Tanrısal bir çöküştü kimi zaman heba
ettiğime yandığım yetmezmiş gibi var olma coşkumla asla şerh de düşmüyordum
değil yalnızlık var olma ihtimalim bile boşuna hevesimi kursağımda bırakan
yanılgılardan sadece biriydi.
Ocağım tütmüyordu.
Dumanı gözümü bile yakmıyordu yanan
hatıraların ve göz çukurlarımda lanetli yılan yavruları çıkardıkları tıs sesi
ile bilfiil zehirliyorlardı hem günü hem dünü.

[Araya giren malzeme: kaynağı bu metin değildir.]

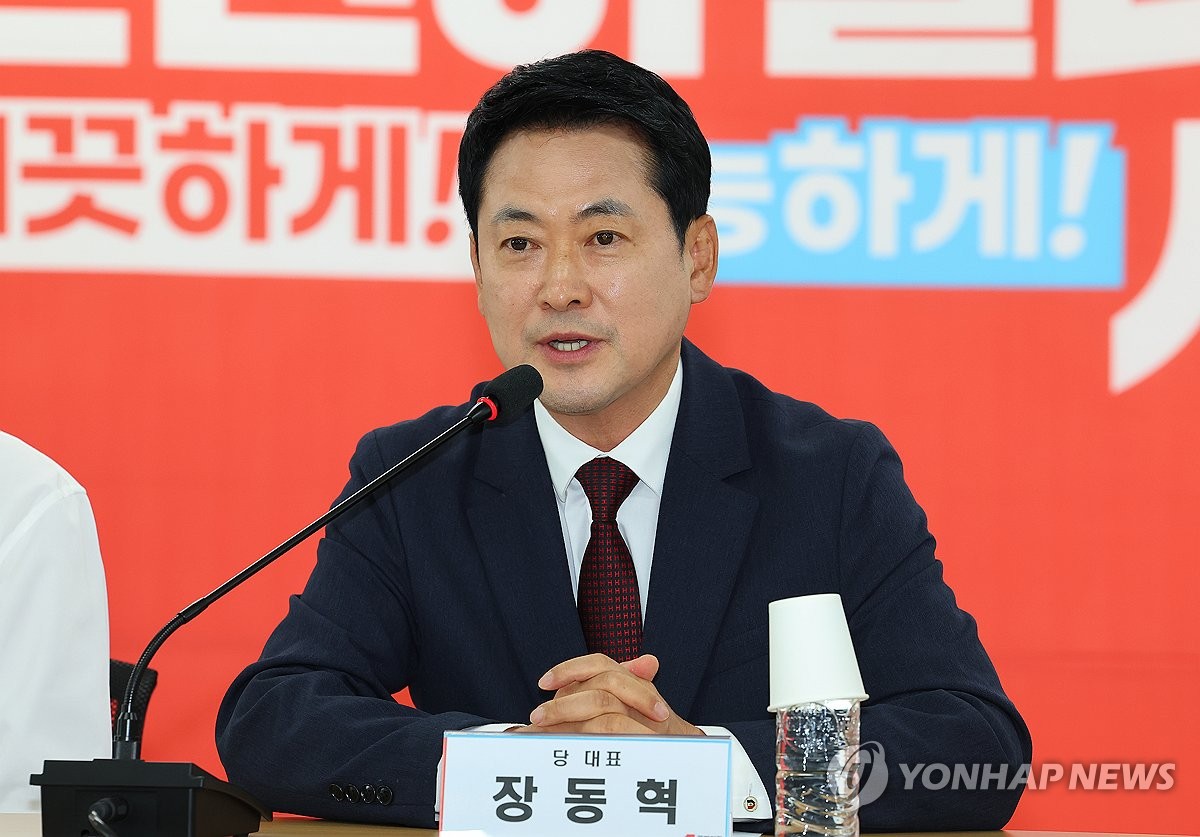발언하는 국민의힘 장동혁 대표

Aşka çalım atan metazori bir özlemden
arda kalan.
Görüp göreceğim neydi de tok gözlü
olmam gerekiyordu ve sözcüklerin vasıfsızlığında denk düştüğüm o ritim
bozukluğu ile hep mi hak ediyordum bunca iftirayı ve duyguların zehir zemberek
yankısında Tanrımı kolluyordum ve tanrı olmanın ötesinde nesnel varlığımda
sadece cennetten kovulduğum yetmezmiş gibi cehennem davetiyem bile onaydan
geçmemişti.
Düşe gebe gerçekler.
Gerçeklerin gerekçeleri kayıp iken.
İhbar etmem gereken hiçbir şeydi
madem beni yoktan var eden tasamı büyütüyordum şiirin kollarında ve şişip
duruyordu içimdeki balon az sonraki kör dövüşünde belki ulaşacaktım bitiş
çizgisine sonra da yeniden başlayacaktım elbet sonlanmadan gerçekleşmeyecekti
bu yeniden var oluş ç/ağrısı ve altına takoz koyduğum tüm yalanlar zaten baş
aşağı da etmişti ve tepegözde saklı bir ışık gibi iniltilerimi büyütüyordum ve
vebalı yüreğimle kaçışıyordu herkes.
Bir aşktım özlemine hasret.
Bir acıydım hangi pencereye denk
düştüğü bilinmeyen ve noktalama işaretlerinin dahi reddettiği.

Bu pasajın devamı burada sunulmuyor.